Docomo Pacific has raised concerns of cost-efficiency over the evaluation of grant awards under the federally funded Broadband Equity Access and Deployment program in the Northern Mariana Islands.
Glen Hunter, Broadband Policy and Development Office director, said the decision-making process is consistent with National Telecommunications and Information Administration’s review and that — considering the challenge of typhoons which have caused millions of dollars in damage to NMI’s utilities to include telecoms — running fiber underground adds to resilience which is a factor in the selections.

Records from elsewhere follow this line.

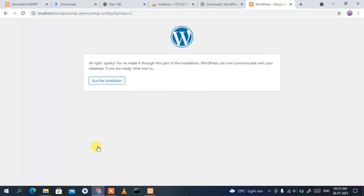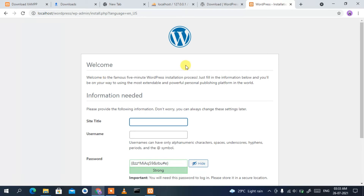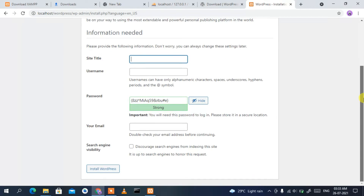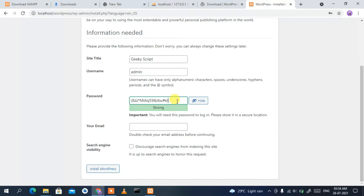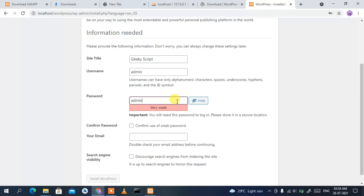This will show you 'All right, sparky! You've made it through this part of the installation.' To proceed, click 'Run the installation'. It will now ask for your site title — I'm going to enter 'Geeky Script'. You should enter your own site name, company name, or anything you wish. For username, enter 'admin'.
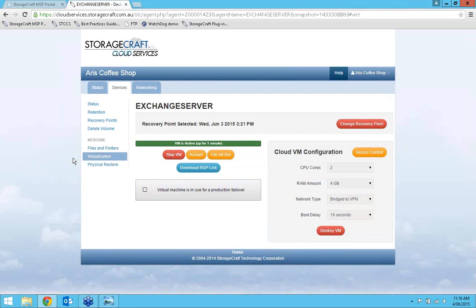To summarize: StorageCraft Cloud Services is a great way to take advantage of off-site disaster recovery. The virtualization is definitely something to take notice of — I don't know of any other solution that can virtualize this quickly. In the event of a disaster it's an extremely valuable solution, and the ability to seamlessly restore from the BMR drive and bring all changes across makes it really simple to use.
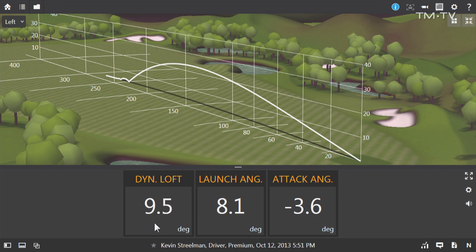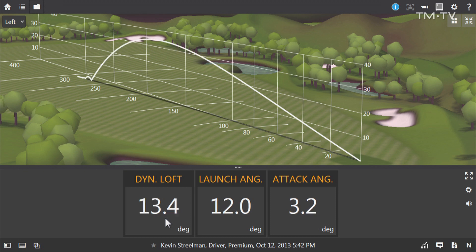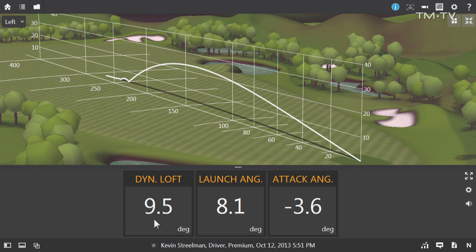All right Kevin, that was a great one — we did exactly what you were trying to do. Let's take a look at those numbers. The dynamic loft was 9.5, which was significantly less than the 13.4 on the last shot. The launch angle is at 8.1. We did get a little steeper on the attack angle. But again, the main thing here is that the launch angle is a lot closer to the dynamic loft than it is to the attack angle. Darren, could you speak to his attack angle getting a little bit steeper, and how those numbers changed with what he was trying to do?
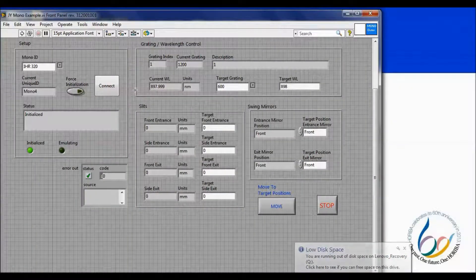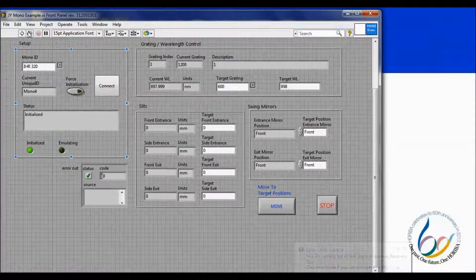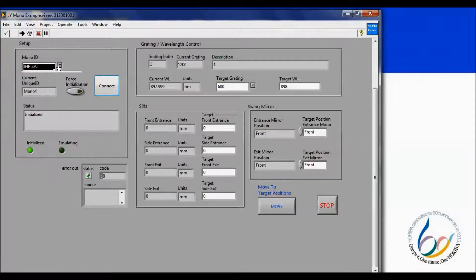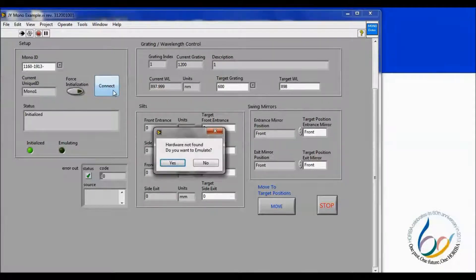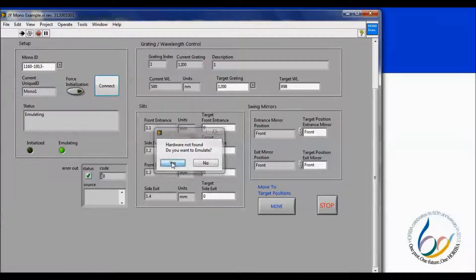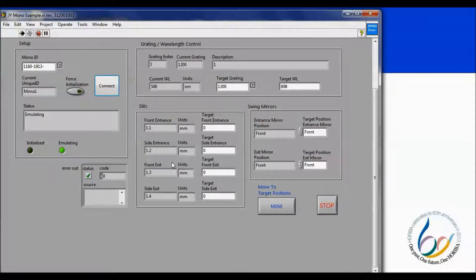If we now go back to the example VI, we see a user interface where we may choose our spectrometer and initialize. Here I am going to be emulating since I am not physically connected to a spectrometer. The spectrometer will then initialize and the grayed-out boxes become populated with the current grating position, wavelength, slit widths, and mirror positions.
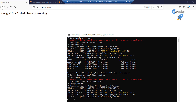Congratulations! Now you have deployed your machine learning model on an AWS Windows machine. In the next section, I am going to show you how you can deploy your machine learning model on an EC2 instance using an Ubuntu machine. Congratulations — you have done it. I will see you in the next lesson.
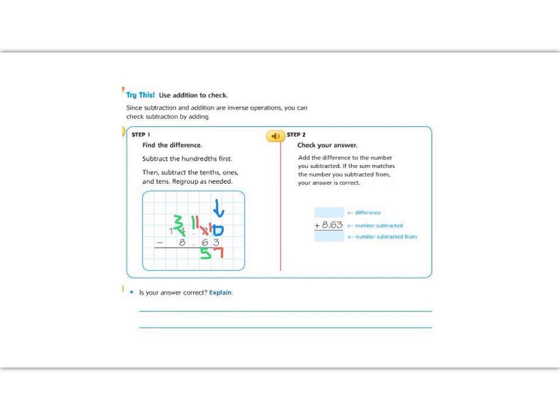And I'm going to continue. 3 minus 8 I can't do, so I have to borrow one last time. Borrow from the 1. It becomes a 0, and now I have 13. 13 minus 8 is 5. So my answer, remember drop the decimal, is 5.57.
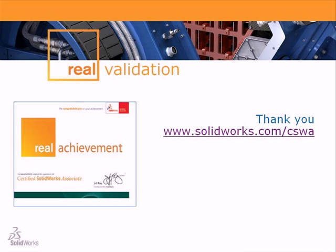For more information on the CSWA exam, go to solidworks.com/cswa. Thank you.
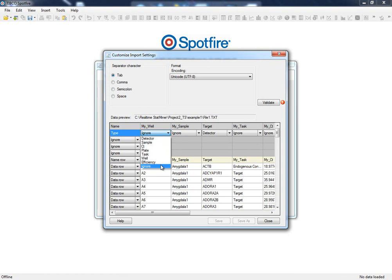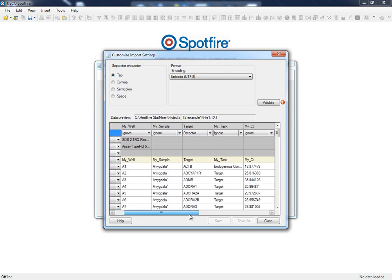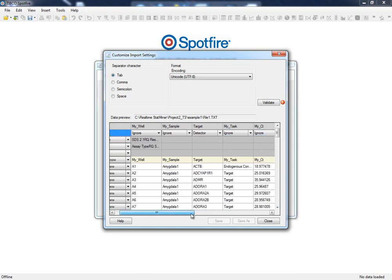StatMiner automatically tries to determine the type of the column and as we can see, the detector column has been properly detected. This is not similar to dealing with other mandatory information such as sample IDs and CT values where the custom names are not recognized by the application.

The dispute in the NMI reflects the tension between cost efficiency and infrastructure resilience — a debate that is playing out across many U.S. states following the June policy shift. The Trump administration directed states and territories to prioritize the lowest-cost technology-neutral solutions.
The NMI was awarded about $80 million through BEAD to expand high-speed internet access to residents and businesses. It’s part of a national $42.45 billion federally funded program authorized by the Infrastructure Investment and Jobs Act of 2021. The NTIA administers the program, which focuses on broadband planning, deployment, mapping, equity, and adoption activities, prioritizing unserved and underserved locations. See story: Community input sought as NMI pushes ahead with high-speed internet access plan.

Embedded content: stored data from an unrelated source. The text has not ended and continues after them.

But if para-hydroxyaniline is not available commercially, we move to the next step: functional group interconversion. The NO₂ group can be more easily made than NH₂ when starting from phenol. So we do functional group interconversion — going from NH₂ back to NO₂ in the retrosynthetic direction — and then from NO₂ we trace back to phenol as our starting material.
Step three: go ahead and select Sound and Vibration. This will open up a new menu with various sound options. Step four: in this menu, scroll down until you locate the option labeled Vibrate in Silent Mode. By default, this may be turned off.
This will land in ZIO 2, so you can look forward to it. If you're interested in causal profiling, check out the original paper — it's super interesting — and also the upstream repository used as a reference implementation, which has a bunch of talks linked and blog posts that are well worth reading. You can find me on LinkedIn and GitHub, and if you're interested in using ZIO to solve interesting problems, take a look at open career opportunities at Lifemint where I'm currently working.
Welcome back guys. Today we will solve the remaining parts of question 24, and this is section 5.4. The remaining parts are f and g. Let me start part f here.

Hunter also said Docomo’s concerns are being reviewed as part of the public comment period, which ends Aug. 23. His office oversees the program in the NMI, which is charged with administering in the NMI the nation-wide federally-funded effort to ensure everyone home, business, and community space has internet access. The final BEAD proposal will be submitted to NTIA following the close of public comment.
In a public comment submitted Aug. 20, Docomo Pacific raised sharp concerns that the NMI BPD Draft Final Proposal disregarded the intent of recent BEAD reforms by the Trump administration, which placed new emphasis on cost efficiency and technology neutrality. Read Docomo's statement here.
Docomo Pacific’s bid for CNMI broadband expansion came in at approximately $1.78 million, compared to the provisional award selection of $31.3 million. The company said the $29.6 million price gap is “a perverse waste of American taxpayer dollars” and is inconsistent with the June 6 BEAD Restructuring Policy Notice issued by the NTIA.
“By this measure, the award should go to the bidder whose proposal can deliver the desired speed and latency with the least amount of BEAD funding,” the company wrote, urging an independent technical review committee be brought in to reexamine the CNMI selections. Docomo also said its hybrid fiber coax aerial network approach is widely used elsewhere in the U.S. and in Guam, and questioned why NMI would exclude this solution.
The telecom further raised transparency issues with BPD’s draft proposal documents, saying that naming conventions and unclear identifiers made it difficult for the public to determine which ISPs were selected.
The NMI office responded with a clarifying statement posted on social media “to share some context and explain the process that guided our decisions.”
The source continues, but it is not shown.